In the answer, give the entries below exactly, from the first line through the line with "We're at Anstey's", with every picture omitted.
Segment Start: SUPPLIED MATERIAL
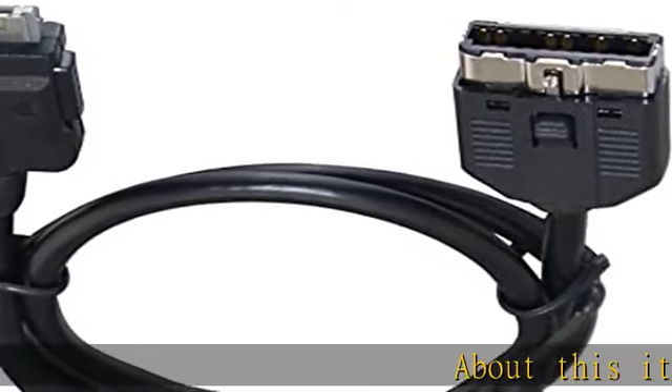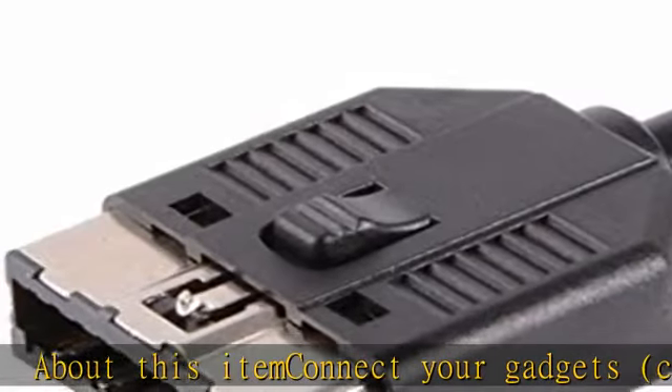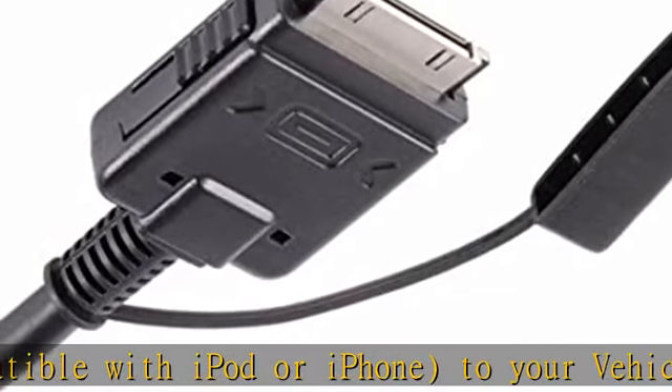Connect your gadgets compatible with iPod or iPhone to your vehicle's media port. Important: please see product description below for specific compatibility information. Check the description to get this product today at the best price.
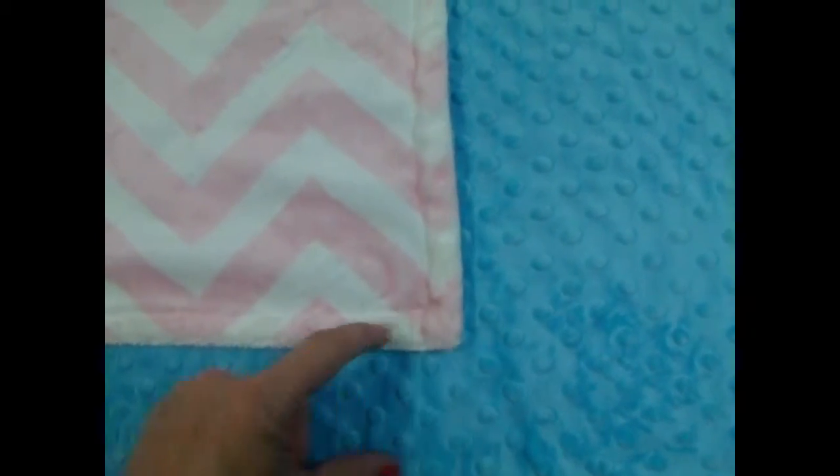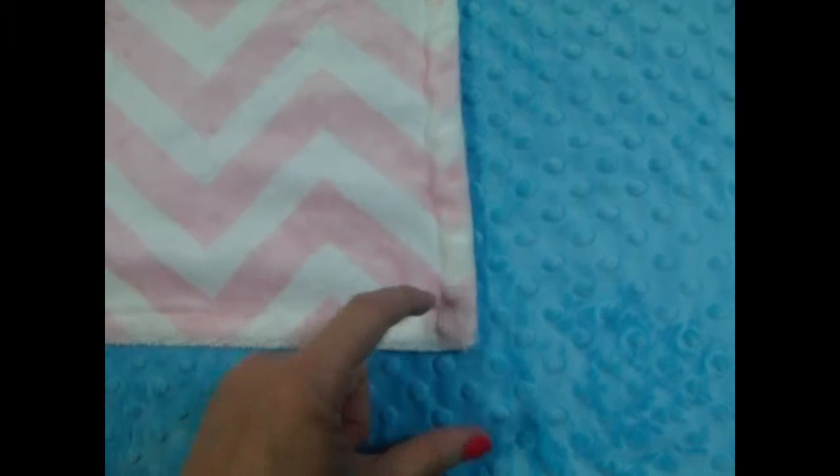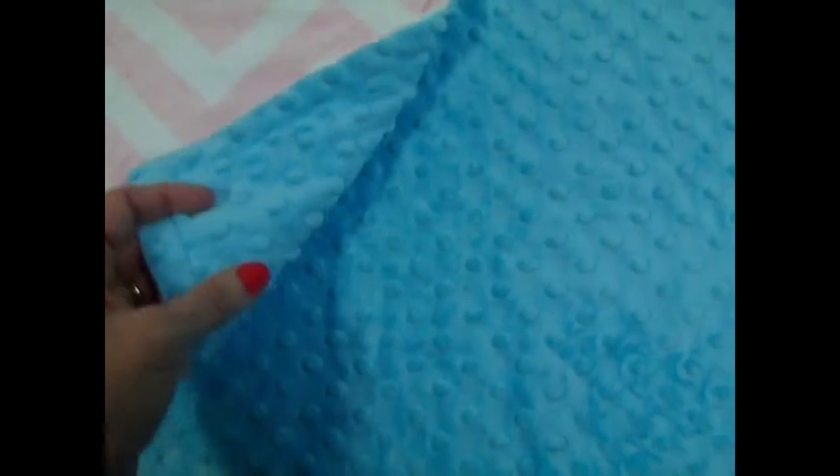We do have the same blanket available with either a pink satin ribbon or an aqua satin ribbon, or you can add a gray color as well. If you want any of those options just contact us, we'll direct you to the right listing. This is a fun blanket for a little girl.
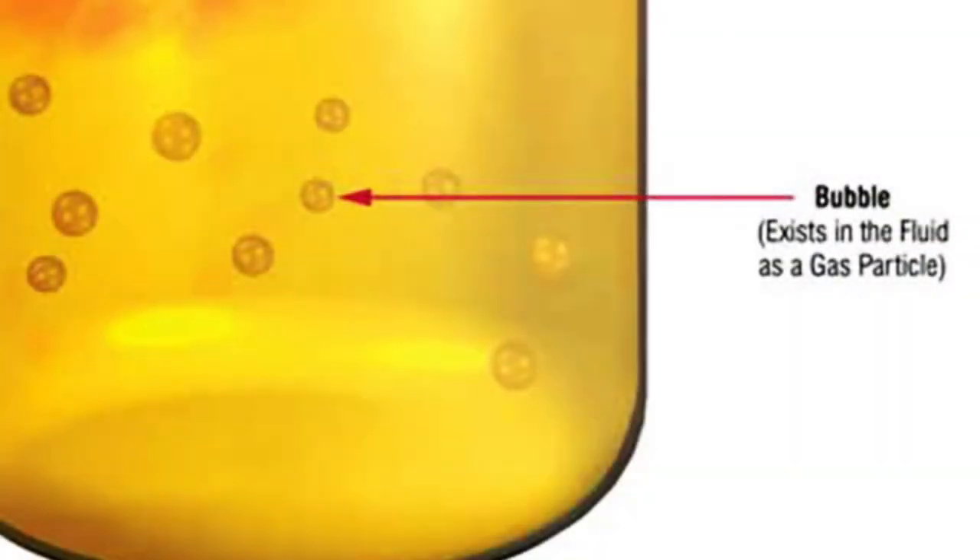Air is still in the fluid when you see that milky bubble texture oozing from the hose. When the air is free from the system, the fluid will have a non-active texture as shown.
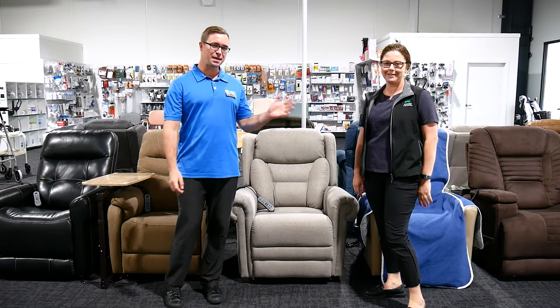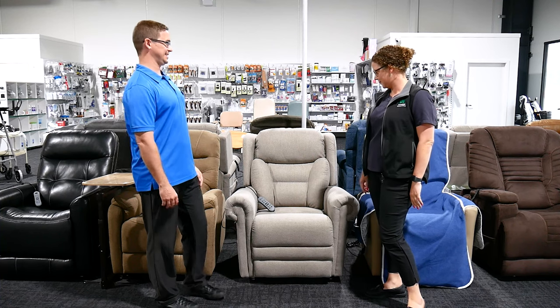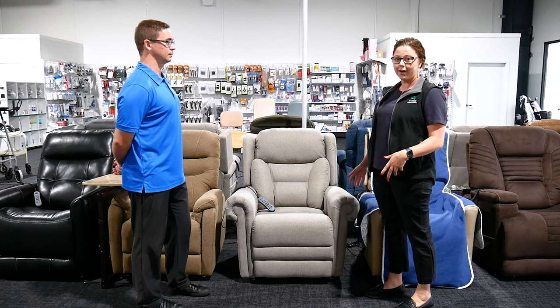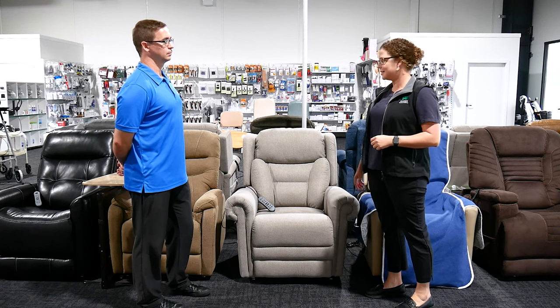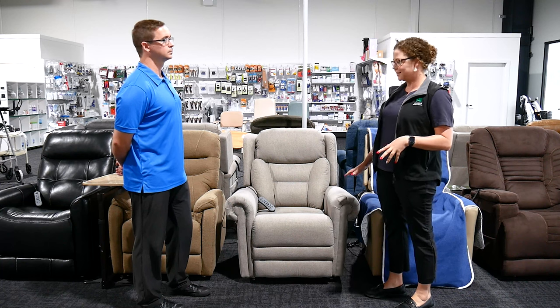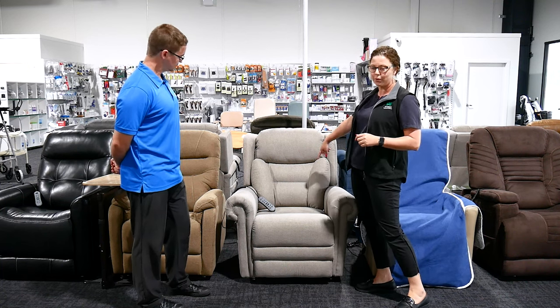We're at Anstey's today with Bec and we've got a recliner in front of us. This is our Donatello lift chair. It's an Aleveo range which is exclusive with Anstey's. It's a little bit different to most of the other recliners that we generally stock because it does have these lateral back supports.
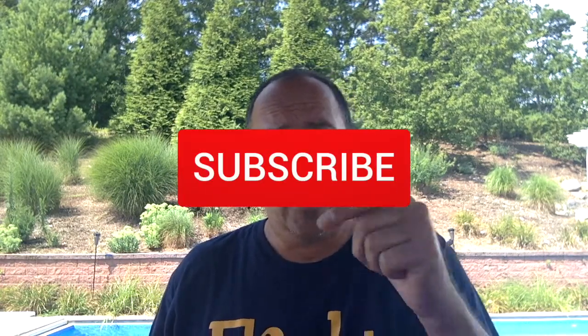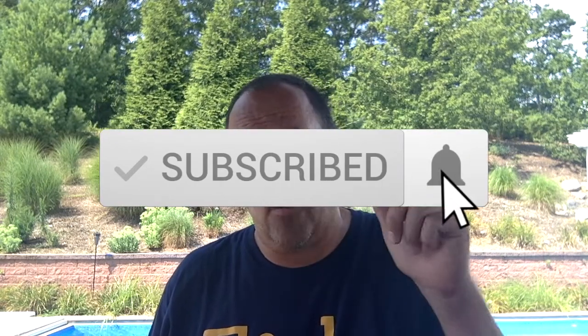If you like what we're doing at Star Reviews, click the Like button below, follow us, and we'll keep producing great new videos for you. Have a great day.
Segment End: SUPPLIED MATERIAL
- [ANSWER SECTION]:
Connect your gadgets compatible with iPod or iPhone to your vehicle's media port. Important: please see product description below for specific compatibility information. Check the description to get this product today at the best price.
We do have the same blanket available with either a pink satin ribbon or an aqua satin ribbon, or you can add a gray color as well. If you want any of those options just contact us, we'll direct you to the right listing. This is a fun blanket for a little girl.
Air is still in the fluid when you see that milky bubble texture oozing from the hose. When the air is free from the system, the fluid will have a non-active texture as shown.
We're at Anstey's today with Bec and we've got a recliner in front of us. This is our Donatello lift chair. It's an Aleveo range which is exclusive with Anstey's. It's a little bit different to most of the other recliners that we generally stock because it does have these lateral back supports.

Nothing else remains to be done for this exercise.